A scree plot is created for visualizating PC contributions (Figure 3).

Code
# screeplot
#screeplot(soil_pca, type='lines')

# create df
pc_names <- colnames(soil_pca$rotation)
sd_vec <- soil_pca$sdev
var_vec <- sd_vec^2

pct_expl_df <- data.frame(v=var_vec,
                          pct_v = var_vec/sum(var_vec),
                          pc = pc_names)
pct_expl_df$pc <- factor(pct_expl_df$pc, levels = pc_names)
# plot 
ggplot(pct_expl_df, aes(x = pc, y = pct_v)) +
  geom_col(fill = "lightblue",alpha = 0.7) +
  labs(title = "Scree Plot", x = 'Principal component', y = 'Variance explained')+
  scale_y_continuous(labels = scales::percent)+
  theme_minimal()+
  theme(panel.grid = element_blank(),
        axis.text.x = element_text(angle = 45, hjust = 1))+
  geom_text(aes(label = scales::percent(pct_v, accuracy = 0.1)), 
            angle = 25, hjust = -0.25, size = 3) 

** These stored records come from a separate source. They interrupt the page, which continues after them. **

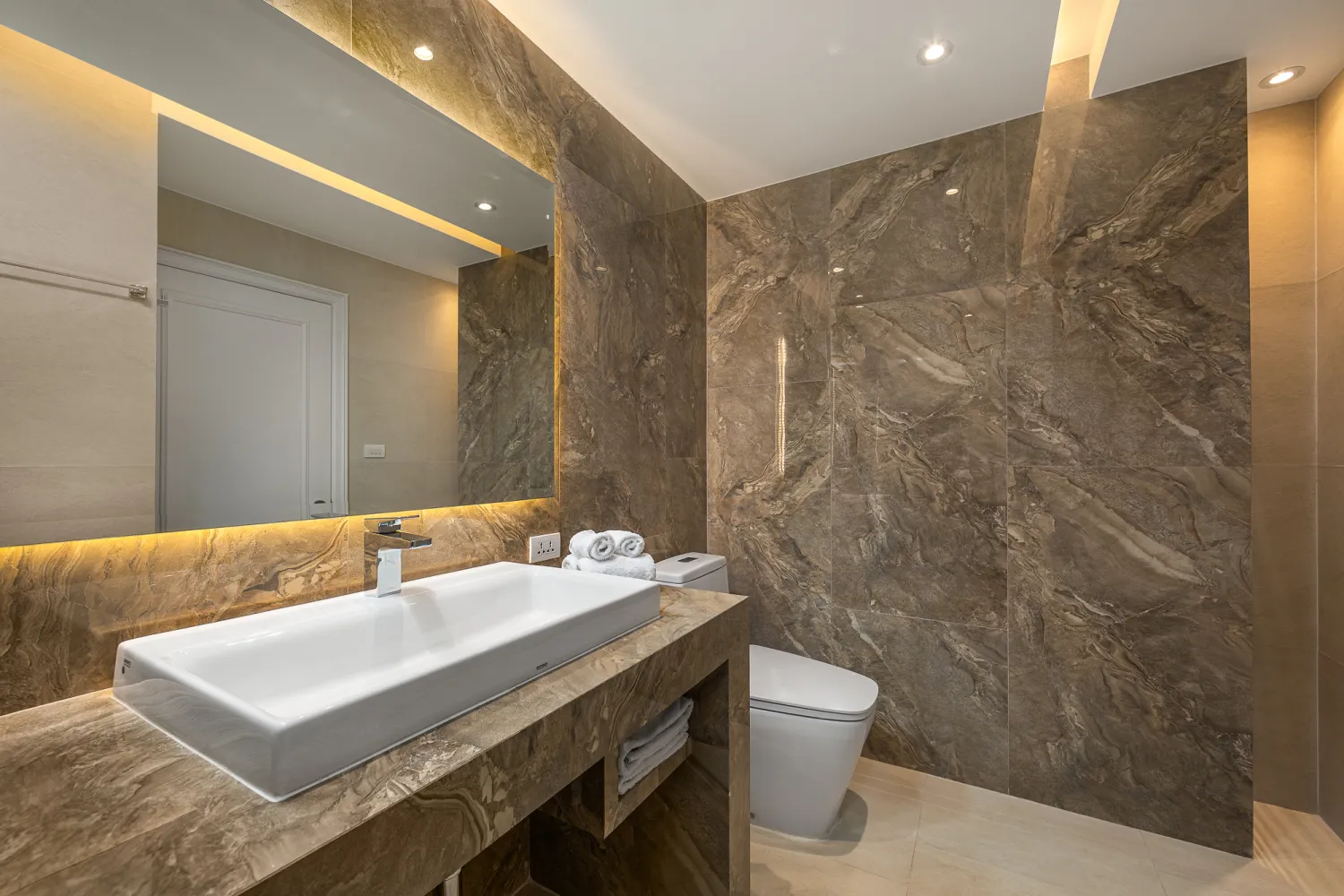 Property image - full photo 39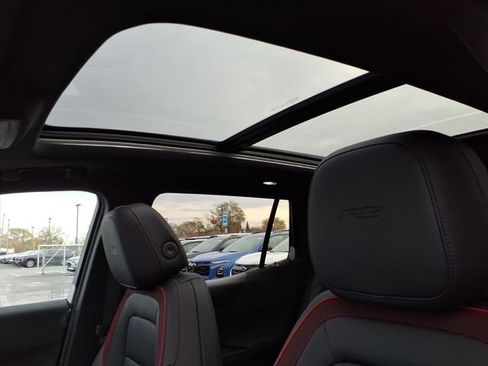 New 2026 Chevrolet Equinox RS w/ LPO, Floor Liner Package image 9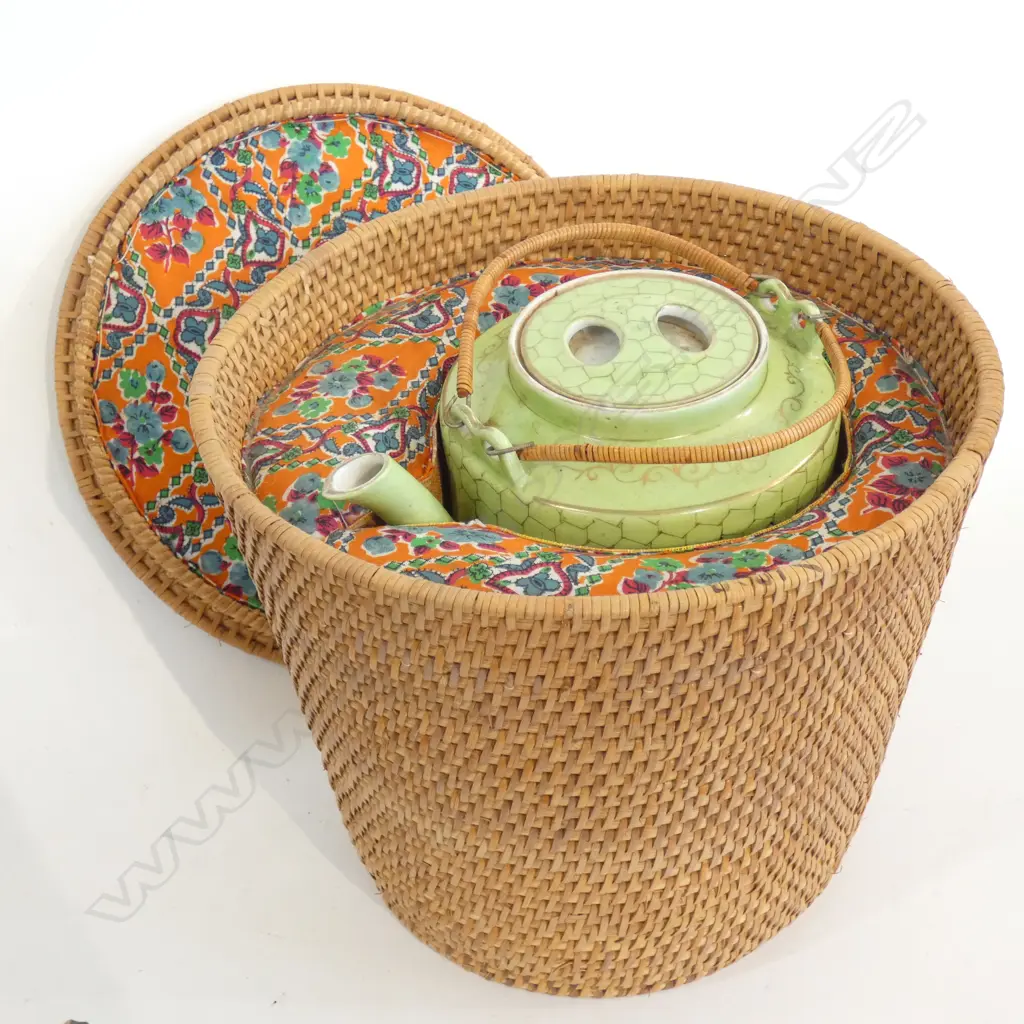 VINTAGE GREEN CHINESE TEAPOT IN WOVEN CASE Image 1++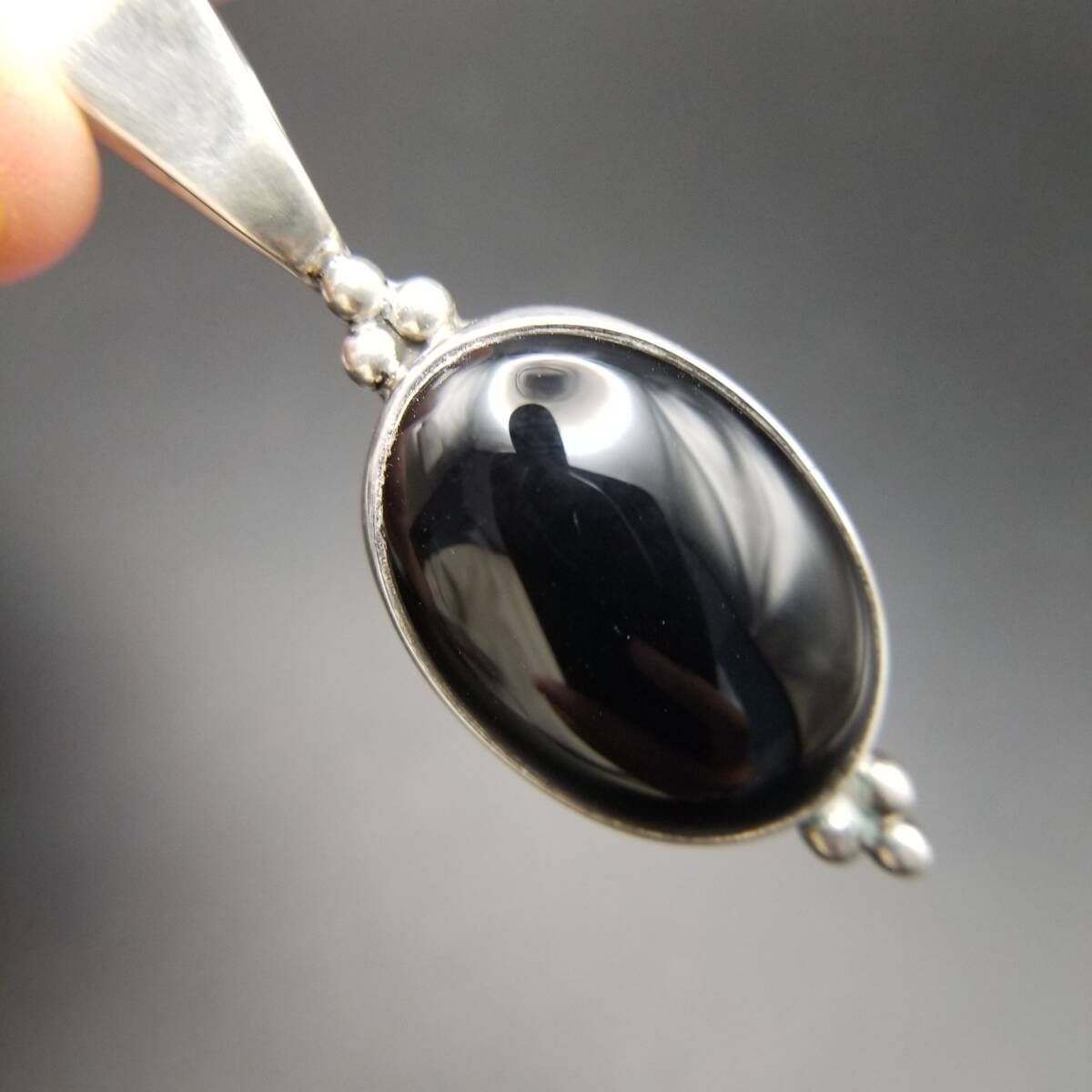 ナバホ族 Joe Begay 大粒 オニキス カボション ヴィンテージ チャーム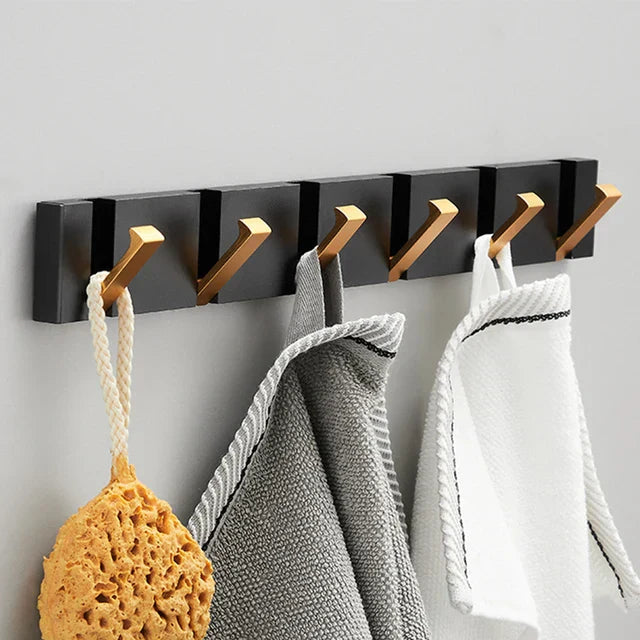 Moderne opklapbare jassenhaak in zwart, een luxe toevoeging aan uw hal of garderobe.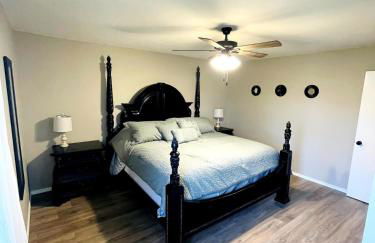 Full HOME with 2 KING BEDS and a POOL - Foto 7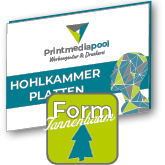 Veranstaltungsplakat auf Hohlkammerplatte in Tannenbaum-Form konturgefräst <br>beidseitig 4/4-farbig bedruckt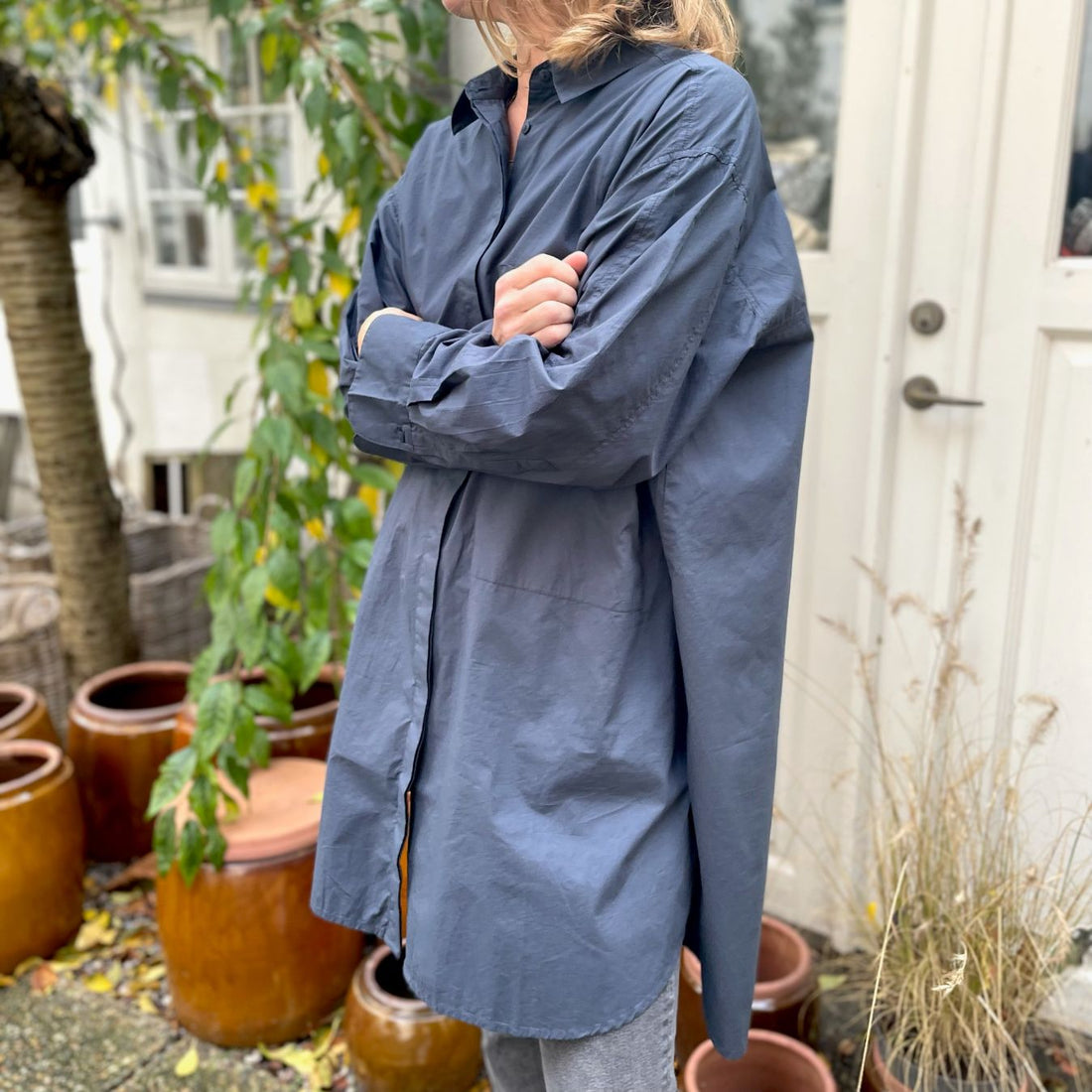 Den lange blå Lyon bomuldsskjorte i er en perfekt hverdagsskjorte fra Frau. Skjorten er lidt længere bagpå og runder fint foran. Skjorten er gennemknappet, og er lavet i økologisk bomuldspoplin, som gør den åndbar og behagelig at have på. Størrelsen er one size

Figure 3. Scree-plot explaining variance captured by each component

Biplot

A biplot for PCA showing 1. The loading of variables for the first two principal components(brown arrows), and 2. The score of each observations based on the first two principal components is created for futher explaination (Figure 4).

The length of the arrows indicates the strength of the contribution of each variable to the principal components. Longer arrows represent stronger contributions. The direction of the arrows shows how variables are correlated with each other and with the principal components.The points are colored based on the “Skeleton” variable, with darker points indicating higher skeleton content.

Code
autoplot(soil_pca, 
         data = soil_log,
         loadings=TRUE,
         colour = 'Skeleton',
         loadings.label=TRUE,
         loadings.colour = "#964B00",
           loadings.label.colour = "#964B00",
           loadings.label.vjust = -0.5
        ) +
  scale_color_gradient(low="lightblue", high='darkblue') +
  theme_minimal()

Figure 4. PCA Biplot: Soil Environmental Variables

Discussion

This biplot provides a clear visualization of how soil properties and environmental factors vary and interact across the dataset. To get ~80% of variance explained, we must include 11 principle components.

Skeleton is strongly positively correlated with PC1, indicating that areas with higher skeleton content have higher PC1 scores.

Variables such as Skeleton, Gravel, Inclination, Ca, and Stones have arrows pointing in the same direction along PC1. Variables like Conductivity, pH, GrazInt, and Dung are more aligned with PC2. This suggests that PC2 captures a gradient related to soil chemistry and grazing intensity.